Entscheidungsstichwort (Thema)
Alternative Anknüpfung im Abstammungsrecht
Leitsatz (amtlich)
Der Senat hält an seiner Auffassung fest, dass das Günstigkeitsprinzip zum Vorrang der Vaterschaft des geschiedenen Ehemannes führt, die nach türkischem Recht für das innerhalb von 300 Tagen nach Rechtskraft der Scheidung geborene Kind eintritt.
Normenkette
EGBGB Art. 19 Abs. 1
Verfahrensgang
AG Hagen (Beschluss vom 11.09.2013; Aktenzeichen 8 III 55/13) |
Tenor
Der angefochtene Beschluss wird abgeändert. Der Antrag der Beteiligten zu 1), in dem Geburtseintrag G.../... des Standesamtes I den Eintrag bezüglich des Vaters des Kindes zu löschen, wird zurückgewiesen.

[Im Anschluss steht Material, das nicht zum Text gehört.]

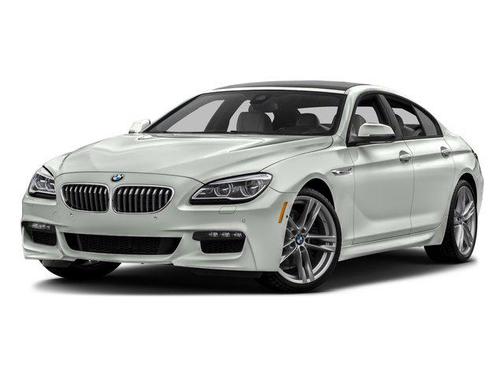 2016 BMW 650 650i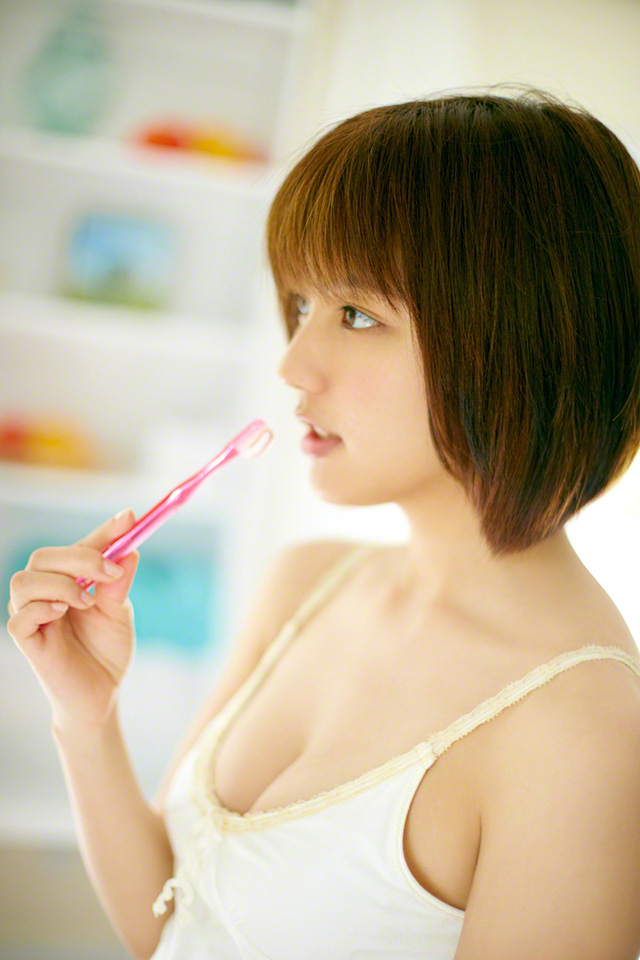 2015年11月10日【寫真】真野惠里菜漸見成熟越大越瘦要谷胸拍攝寫真 (25P)-第1章-图片13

Eine Erstattung außergerichtlicher Kosten der Beteiligten findet in beiden Instanzen nicht statt.
Der Geschäftswert wird auf 5.000 EUR festgesetzt.
Die Rechtsbeschwerde wird nicht zugelassen.
Gründe
I. Die Beteiligten zu 1) und 2) waren verheiratet. Die Ehe wurde durch Urteil des AG Wetzlar vom... 2008, rechtskräftig seit dem... 2008, geschieden. Der Beteiligte zu 2) ist türkischer Staatsangehöriger. Am... 2008 gebar die Beteiligte zu 1) ihren Sohn T.
In dem Geburtseintrag Nr.../... des Standesamtes I sind unter dem... 2008 die Geburt des Kindes T, als Kindesmutter G sowie als Kindesvater C eingetragen.
Am... 2010 heiratete die Beteiligte zu 1) den D. Ein zu den Akten gereichtes Abstammungsgutachten vom 24.4.2013 stellt dessen Vaterschaft betreffend das Kind T fest. Nach einem ebenfalls zu den Akten gereichten Abstammungsgutachten vom 9.3.2012 scheidet der Beteiligte zu 2) als Vater des Kindes aus. Durch Beschluss vom 17.9.2012 wies das AG Hagen - Familiengericht - den Antrag der Beteiligten zu 1) auf Feststellung, das Kind T stamme nicht von dem Beteiligen zu 2) ab, mit der Begründung zurück, es bestehe ohnehin keine gesetzliche Vermutung für die Vaterschaft.
Auf den von dem Beteiligten zu 4) mit Schreiben vom 29.7.2013 vorgelegten Antrag der Beteiligten zu 1) ordnete das AG durch Beschluss vom 11.9.2013 an, der Geburtseintrag sei dahingehend zu berichtigen, dass der Registereintrag bezüglich des Vaters des Kindes zu löschen sei.
Gegen diese Entscheidung hat der Beteiligte zu 4) unter dem 23.9.2013 Beschwerde eingelegt und zur Begründung ausgeführt, Art. 19 EGBGB biete hinsichtlich der väterlichen Abstammung des Kindes unterschiedliche Anknüpfungspunkte, welche alternativ und gleichrangig nebeneinander stünden. Nach dem türkischen Heimatrecht des Mannes habe ein Kind, welches vor Ablauf von 300 Tagen nach dem Ende der Ehe geboren worden ist, den früheren Ehemann der Mutter zum Vater, Art. 285 türk. ZGB. Das Günstigkeitsprinzip rechtfertige die Eintragung des Beteiligten zu 2) als Kindesvater.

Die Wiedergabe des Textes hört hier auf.